**Material for this exercise:**
────────────────────

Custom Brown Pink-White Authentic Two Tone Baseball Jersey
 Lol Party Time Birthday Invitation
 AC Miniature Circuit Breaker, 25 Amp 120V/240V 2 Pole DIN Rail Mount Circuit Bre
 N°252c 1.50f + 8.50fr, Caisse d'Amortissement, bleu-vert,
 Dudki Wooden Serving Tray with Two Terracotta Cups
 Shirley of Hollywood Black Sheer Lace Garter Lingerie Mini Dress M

────────────────────

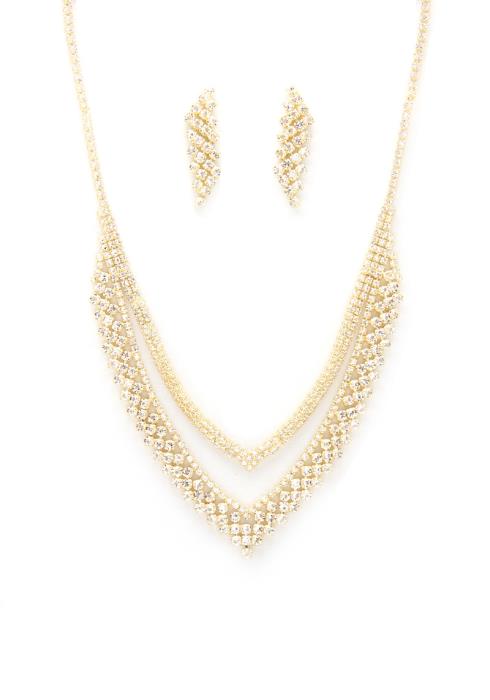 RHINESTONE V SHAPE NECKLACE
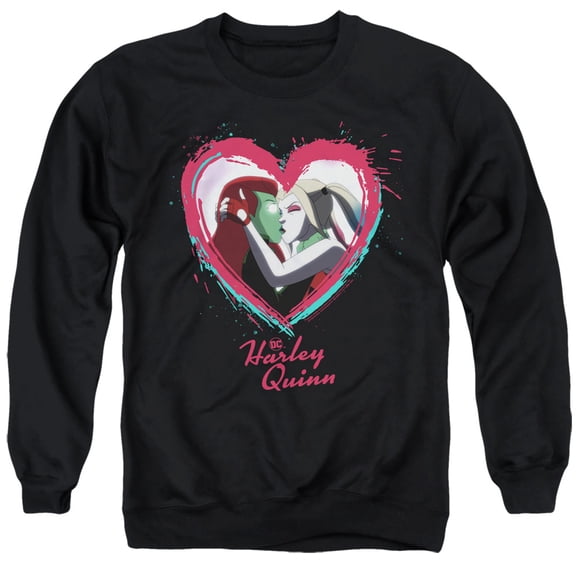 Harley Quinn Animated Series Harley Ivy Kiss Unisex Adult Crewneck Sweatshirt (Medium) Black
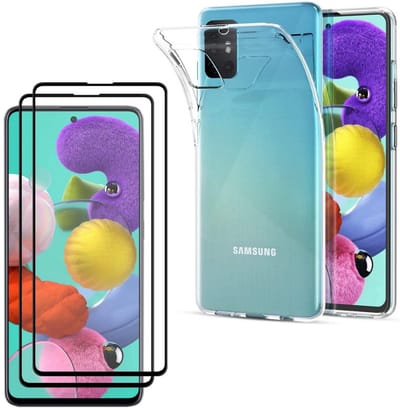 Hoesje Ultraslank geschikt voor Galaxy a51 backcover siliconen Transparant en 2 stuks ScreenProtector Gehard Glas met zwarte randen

────────────────────

**Exercise brief:** When you reach the line containing "Custom Brown Pink-White" in the data above, start copying exactly, and stop after the line containing "Shirley of Hollywood".

**Task result:**
Custom Brown Pink-White Authentic Two Tone Baseball Jersey
 Lol Party Time Birthday Invitation
 AC Miniature Circuit Breaker, 25 Amp 120V/240V 2 Pole DIN Rail Mount Circuit Bre
 N°252c 1.50f + 8.50fr, Caisse d'Amortissement, bleu-vert,
 Dudki Wooden Serving Tray with Two Terracotta Cups
 Shirley of Hollywood Black Sheer Lace Garter Lingerie Mini Dress M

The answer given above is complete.